You are viewing a plain text version of this content. The canonical link for it is here.

Posted to common-user@hadoop.apache.org by abhishek sharma <ab...@usc.edu> on 2010/03/25 03:27:01 UTC

posted again: how are the splits for map tasks computed?

I realized that I made a mistake in my earlier post. So here is the correct one.

I have a job ("loadgen") with only 1 input (say) part-00000 of size
1368654 bytes.

So when I submit this job, I get the following output:

INFO mapred.FileInputFormat: Total input paths to process : 1

However, in the JobTracker log, I see the following entry:

 Split info for job:job_201003131110_0043 with 2 splits

and subsequently 2 map tasks are started to process these two splits.
The size of input splits to these 2 map tasks is 6843283. So the input
is divided equally into two splits.

My question is: Why are two map tasks created instead of one and why
is the combined size of the two splits greater than the size of my
input?

I also noticed that if I run the same job with 2 inputs (say)
part-00000 and part-00001, then only 2 map tasks are created.

To my knowledge, the number of map tasks should be the same as the
number of inputs.

Thanks,

RE: posted again: how are the splits for map tasks computed?

Posted by "Segel, Mike" <ms...@navteq.com>.

Ok, its 4:00am local time... silly question...
What's the block size of your HDFS ?
And the file sizes you said in bytes? So the full file is 12MB?

-----Original Message-----
From: absharma@gmail.com [mailto:absharma@gmail.com] On Behalf Of abhishek sharma
Sent: Wednesday, March 24, 2010 9:27 PM
To: common-dev@hadoop.apache.org; common-user@hadoop.apache.org
Subject: posted again: how are the splits for map tasks computed?

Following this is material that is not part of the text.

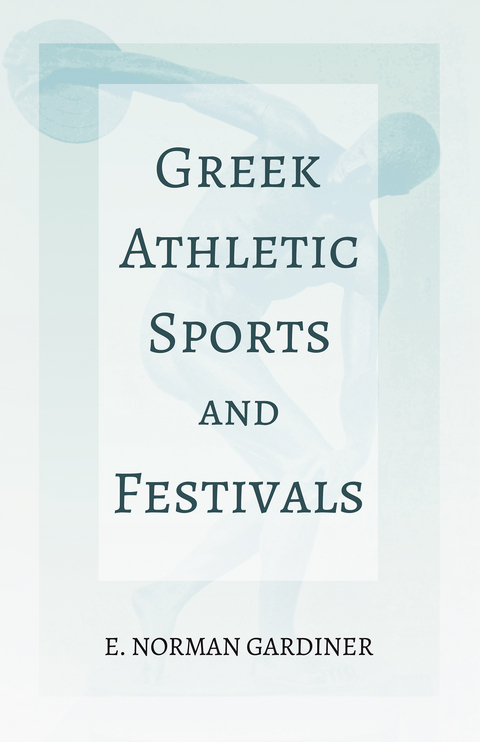 Greek Athletic Sports and Festivals -  GARDINER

I realized that I made a mistake in my earlier post. So here is the correct one.

I have a job ("loadgen") with only 1 input (say) part-00000 of size
1368654 bytes.

So when I submit this job, I get the following output:

INFO mapred.FileInputFormat: Total input paths to process : 1

However, in the JobTracker log, I see the following entry:

 Split info for job:job_201003131110_0043 with 2 splits

and subsequently 2 map tasks are started to process these two splits.
The size of input splits to these 2 map tasks is 6843283. So the input
is divided equally into two splits.

My question is: Why are two map tasks created instead of one and why
is the combined size of the two splits greater than the size of my
input?

I also noticed that if I run the same job with 2 inputs (say)
part-00000 and part-00001, then only 2 map tasks are created.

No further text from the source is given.